NAME
docs/pdds/clip/pdd25_threads.pod - Parrot Threads
ABSTRACT
This document defines the requirements and implementation strategy for Parrot's threading model.
VERSION
$Revision: $
DEFINITIONS
Concurrency
DESCRIPTION
Description of the subject.
IMPLEMENTATION
[Excerpt from Perl 6 and Parrot Essentials to seed discussion.]
Threads are a means of splitting a process into multiple pieces that execute simultaneously. It's a relatively easy way to get some parallelism without too much work. Threads don't solve all the parallelism problems your program may have. Sometimes multiple processes on a single system, multiple processes on a cluster, or processes on multiple separate systems are better. But threads do present a good solution for many common cases.
All the resources in a threaded process are shared between threads. This is simultaneously the great strength and great weakness of threads. Easy sharing is fast sharing, making it far faster to exchange data between threads or access shared global data than to share data between processes on a single system or on multiple systems. Easy sharing is dangerous, though, since without some sort of coordination between threads it's easy to corrupt that shared data. And, because all the threads are contained within a single process, if any one of them fails for some reason the entire process, with all its threads, dies.
With a low-level language such as C, these issues are manageable. The core data types, integers, floats, and pointers are all small enough to be handled atomically. Composite data can be protected with mutexes, special structures that a thread can get exclusive access to. The composite data elements that need protecting can each have a mutex associated with them, and when a thread needs to touch the data it just acquires the mutex first.

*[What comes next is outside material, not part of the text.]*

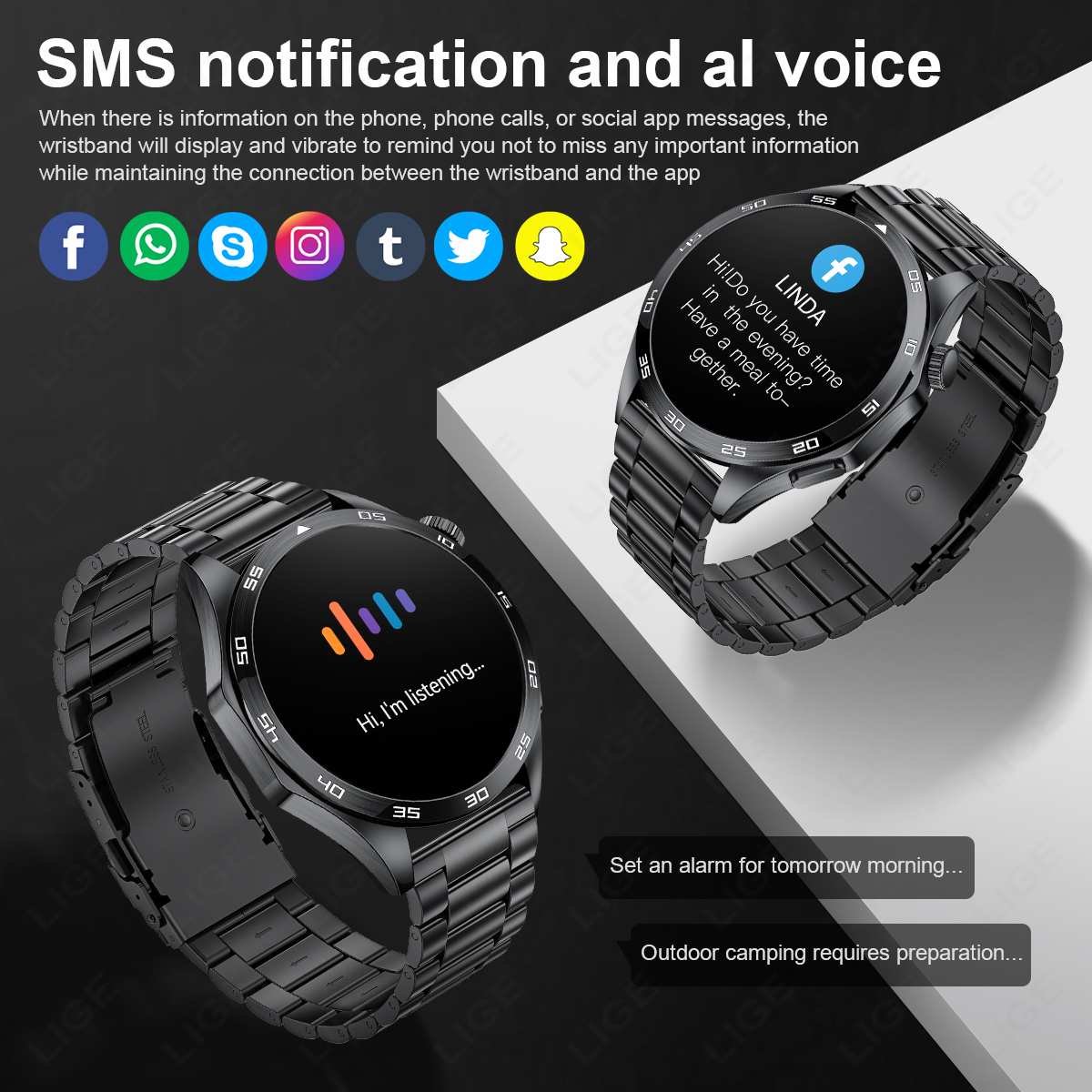 【Trending Now】 Men New Smartwatch Call Waterproof Sports Fitness Heart Rate Monitoring Health Bracelets For Android IOS.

By default there's very little data that must be shared between threads, so it's relatively easy, barring program errors, to write thread-safe code if a little thought is given to the program structure.
Things aren't this easy for Parrot, unfortunately. A PMC, Parrot's native data type, is a complex structure, so we can't count on the hardware to provide us atomic access. That means Parrot has to provide atomicity itself, which is expensive. Getting and releasing a mutex isn't really that expensive in itself. It has been heavily optimized by platform vendors because they want threaded code to run quickly. It's not free, though, and when you consider that running flat-out Parrot does one PMC operation per 100 CPU cycles, even adding an additional 10 cycles per operation can slow Parrot down by 10%.
For any threading scheme, it's important that your program isn't hindered by the platform and libraries it uses. This is a common problem with writing threaded code in C, for example. Many libraries you might use aren't thread-safe, and if you aren't careful with them your program will crash. While we can't make low-level libraries any safer, we can make sure that Parrot itself won't be a danger. There is very little data shared between Parrot interpreters and threads, and access to all the shared data is done with coordinating mutexes. This is invisible to your program, and just makes sure that Parrot itself is thread-safe.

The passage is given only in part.